▸ **What to work on**
For the data below, give again exactly the lines from the one containing "禄意窑青花山水手绘青花瓷品茗杯单杯主人杯陶瓷功夫茶杯 茗缘居" through the one containing "close up of", both ends included, and no others.

▸ **The records**
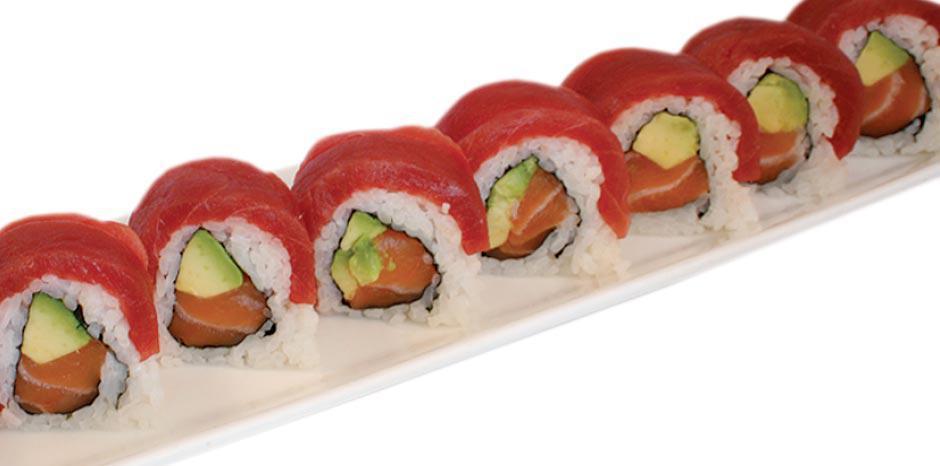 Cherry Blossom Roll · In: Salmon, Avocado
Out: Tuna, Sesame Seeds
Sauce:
--
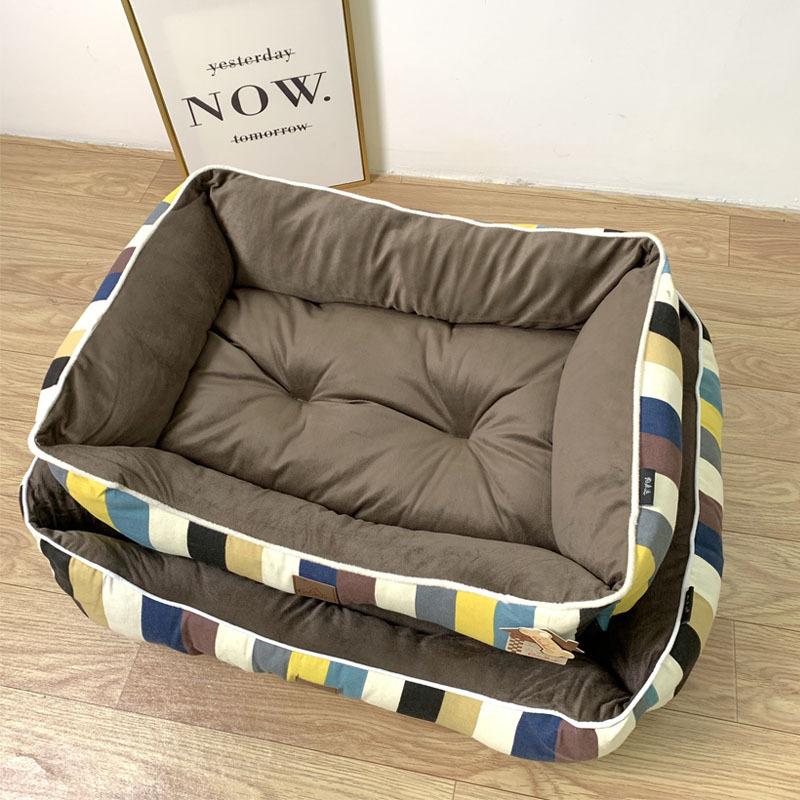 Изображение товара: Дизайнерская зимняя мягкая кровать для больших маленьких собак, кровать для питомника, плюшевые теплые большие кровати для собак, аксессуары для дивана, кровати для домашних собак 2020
==
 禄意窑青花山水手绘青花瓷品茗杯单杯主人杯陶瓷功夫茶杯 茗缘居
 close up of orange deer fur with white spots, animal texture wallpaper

▸ **Exercise output**
 禄意窑青花山水手绘青花瓷品茗杯单杯主人杯陶瓷功夫茶杯 茗缘居
 close up of orange deer fur with white spots, animal texture wallpaper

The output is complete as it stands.